Submitted to: Journal of Dairy Science
Publication Type: Abstract Only
Publication Acceptance Date: 3/23/2004
Publication Date: 7/25/2004
Citation: VanRaden, P.M., Miller, R.H. 2004. Contribution of inbreeding and recessive defects to early embryo losses [abstract]. Journal of Dairy Science. 87(Suppl. 1):3.

Interpretive Summary:

Technical Abstract: Lethal recessive genes that cause early embryo losses are difficult to detect because they may simply appear to result in more failed inseminations or missed heats.
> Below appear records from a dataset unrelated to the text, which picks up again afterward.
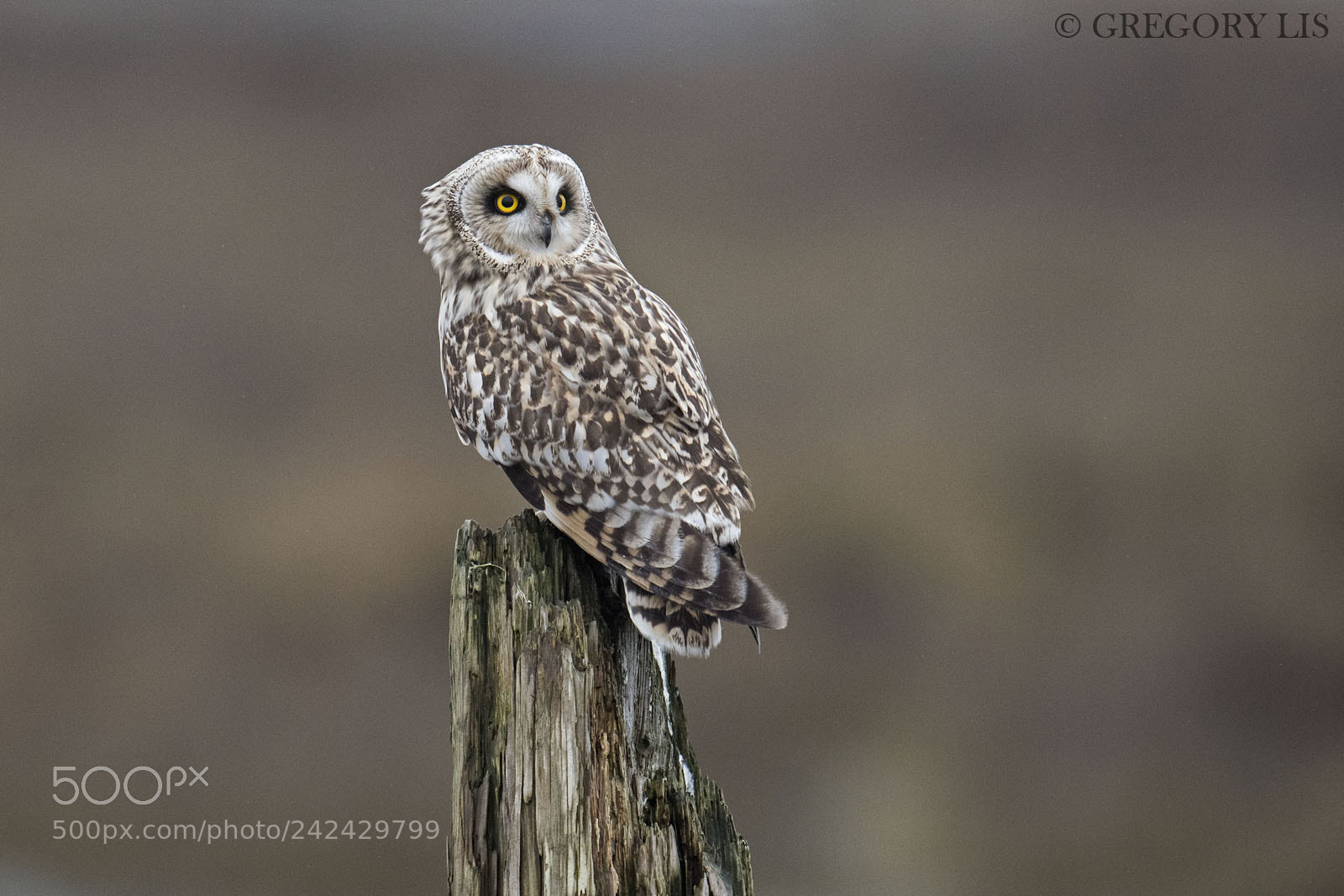 Nikon D810 sample photo. Short-eared owl photography
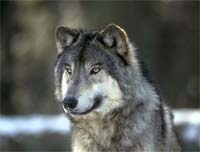 Lobo em foco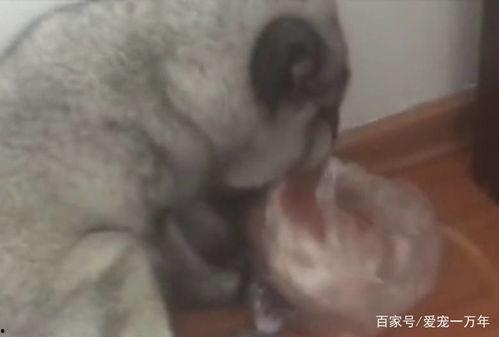 梦到狐狸吃瓜,狐狸吃瓜背后的神秘寓意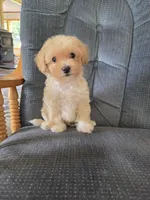 Rusty, a male Maltese and Poodle - Miniature  for sale in Brazil, IN – 6 of 10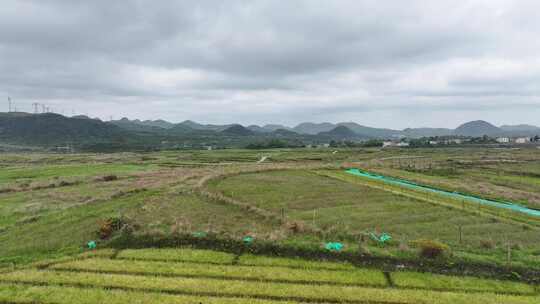 龙里油画大草原傍晚航拍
The 70-d non-return rate percentage (NR70) as a trait of the embryo was evaluated from 1,739,055 first services using a non-additive genetic model. Effects modeled included herd-year-season, parity of cow, sire of cow, service bull, interaction of service bull with sire of cow, and regression on inbreeding of embryo. Simultaneous solutions for all effects were not possible; thus, main effect variances were estimated using restricted maximum likelihood (REML) and these effects were removed from the data. Interaction variance was estimated from the residuals using the tilde-hat approximation to REML. Service bull effects were assumed constant across time and unrelated. An additive relationship matrix was used for sire of cow and a dominance relationship matrix for the interaction term. Data included observations from January 1995 through January 2001 and represented 1251 Holstein service bulls and sires of cows. NR70 declined by an estimated 0.096 for each 1% increase in inbreeding. A regression of this size could be explained by >20% of animals carrying defects causing early embryo loss. Of the total variance, service bull contributed 0.36%, sire of cow 0.24% (heritability of 1.0%), and interaction 0.18% (dominance variance of 2.8%). Number of observations per interaction averaged only 6 but with a maximum of 2077, and 50 bull pairs had >500 observations, resulting in reliabilities >50% for their interactions. Predicted interactions including effects of inbreeding ranged from -3.6 to +2.9 as compared to the mean NR70 of 56%. The poorest interactions were not caused by known recessive defects. Complex vertebral malformation (CVM) generally causes loss of pregnancies later in gestation, and few current bulls carry the gene for deficiency of uridine monophosphate synthase (DUMPS). Further study of the families with poorest interactions could uncover new recessive defects.